Deux jours après le cessez-le-feu, des manifestants sont descendus dans les rues de Tripoli. Les revendications offraient un panel hétéroclite : certains exprimaient une profonde frustration quant à l’impunité de l’Etat et des milices, d’autres représentaient les rivaux de Dbeibah et étaient chargés d’attiser les foules. Alors que le Premier Ministre tentait de s’accaparer le succès d’un assassinat ayant dégénéré en affrontements armés, la Chambre des Représentants, non exempte de culpabilité, en a profité pour blâmer les échecs du GUN.  

Les manifestations se sont majoritairement déroulées dans le calme, mais dans la soirée du 14 mai, la situation a tourné au chaos. Certains protestataires ont tenté de prendre d’assaut le bureau du Premier Ministre. Ils furent dispersés à balles réelles. 

Depuis cette fatidique semaine de mai, les différentes factions peinent à tenir le fragile cessez-le-feu. Que peut-il alors advenir d’une telle situation ? 

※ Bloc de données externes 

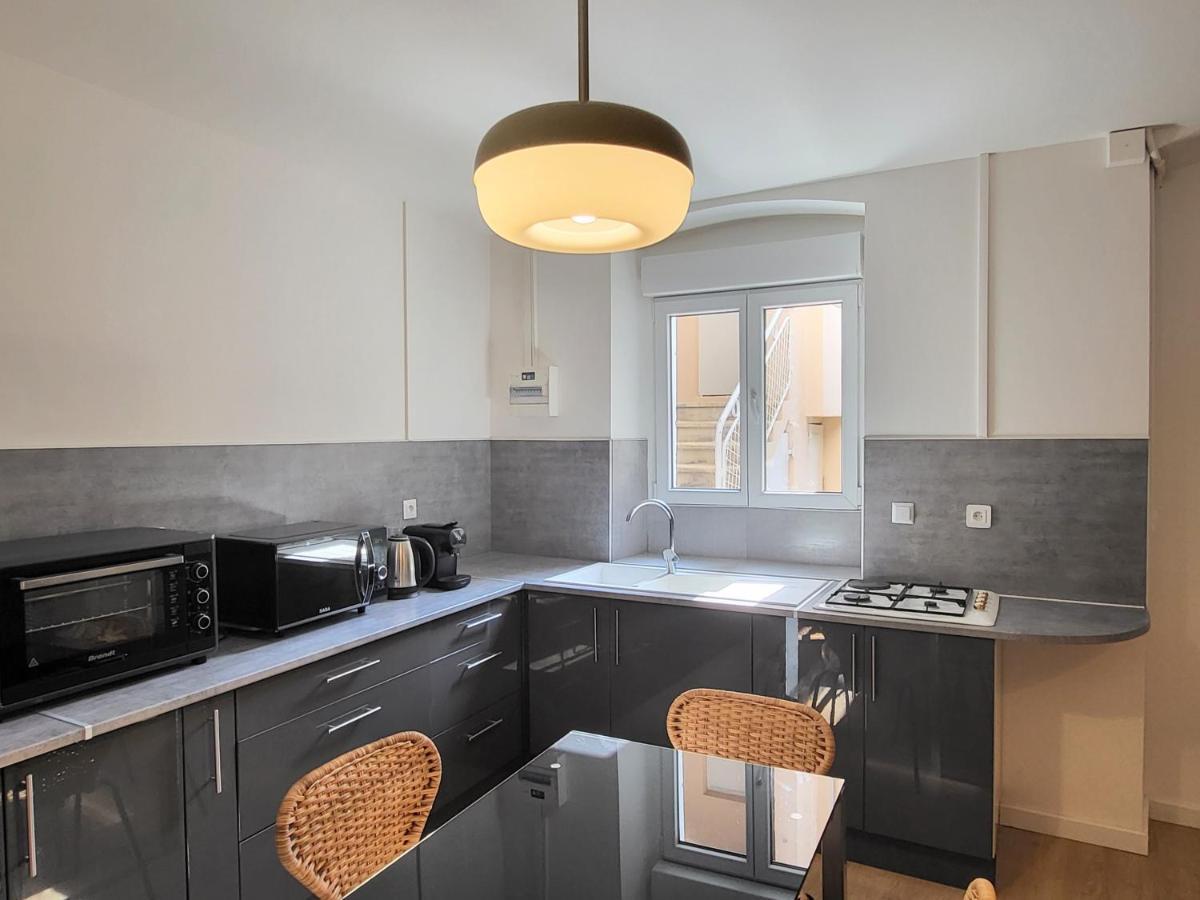 Appartement 1 Chambre, Cuisine, Coin Salon, Salle De Bain Сен-Клод Екстер'єр фото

Quelles perspectives pour la Libye ? 

Une telle répression de la colère populaire pourrait-elle marquer la fin du gouvernement de Dbeibah ? Difficile à dire, comme l’a déjà prouvé la tortueuse histoire politique de la Libye. En revanche, il est possible d’affirmer que Dbeibah, même affaibli, peut compter sur l’incohérence du camp adverse pour se maintenir au pouvoir. 

Les opposants de Dbeibah ont en effet tenté d’exploiter la colère populaire à leur avantage, mais ces tentatives de manipulation, bien que partiellement fondées, ont sapé la confiance en leur propre camp. Non seulement l’instrumentalisation de la situation fut claire et peu subtile, mais ces parties de l’Est contribuent elles aussi à la vaste kleptocratie libyenne. 

Ces deux gouvernements peuvent-ils donc encore durer ? De nombreux experts affirment que la résolution libyenne sera impossible tant que ces deux rivaux n’auront pas abandonné le pouvoir. Est-ce seulement possible ? Nous verrons.